Ana Lúcia conta que foi a participação em um “Sábado da Ciência”, no Espaço Ciência Viva, em julho de 2019, juntamente com o Cefet, que abriu as portas para o nascimento do projeto. Após essa participação, professores da educação básica passaram a convidar a equipe para palestras. Assim, foi idealizado o projeto no Cefet Maria da Graça, com o objetivo de aliar ensino, pesquisa e extensão na formação de estudantes do ensino médio, com ênfase na oratória. Em seguida, o projeto foi cadastrado na UFRJ, passando a agregar estudantes do ensino superior.

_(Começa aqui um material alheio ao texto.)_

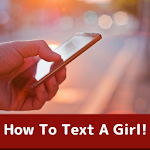 Cover Image of 下载 HOW TO TEXT A GIRL  APK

A pesquisadora lembra que a necessidade de migrar para o ambiente online durante a pandemia da Covid-19 fez com que o projeto ganhasse as redes sociais @mulheresnegrasfazendiciencia, formasse um grupo de leitura e outro de oratória. Hoje, o projeto “Mulheres Negras Fazendo Ciência” é coordenado por três professoras: além de Ana Lúcia, Luciana Ferrari Espíndola Cabral e Mariana da Silva Lima, do Cefet, com a colaboraçāo das doutorandas Lohrene Lima da Silva e Aline Djosy Nery e agrega cinco professoras bolsistas na coordenação das atividades nas escolas. No Cefet Maria da Graça, no bairro homônimo, as professoras parceiras são Mariana da Silva Lima e Luciana Ferrari Espíndola Cabral; e no Colégio Estadual Professora Maria Terezinha de Carvalho Machado, no bairro Praça Seca, na zona Oeste, a parceira é a professora Liliane Ramos da Fonseca. Na Escola Municipal Panaro Figueira, em Seropédica, município da Baixada Fluminense, Janine Monteiro Moreira é a professora parceira; e na Fundação Osório, no Rio Comprido, bairro da zona central do Rio, Anna Carolina de Oliveira Mendes é quem participa do projeto.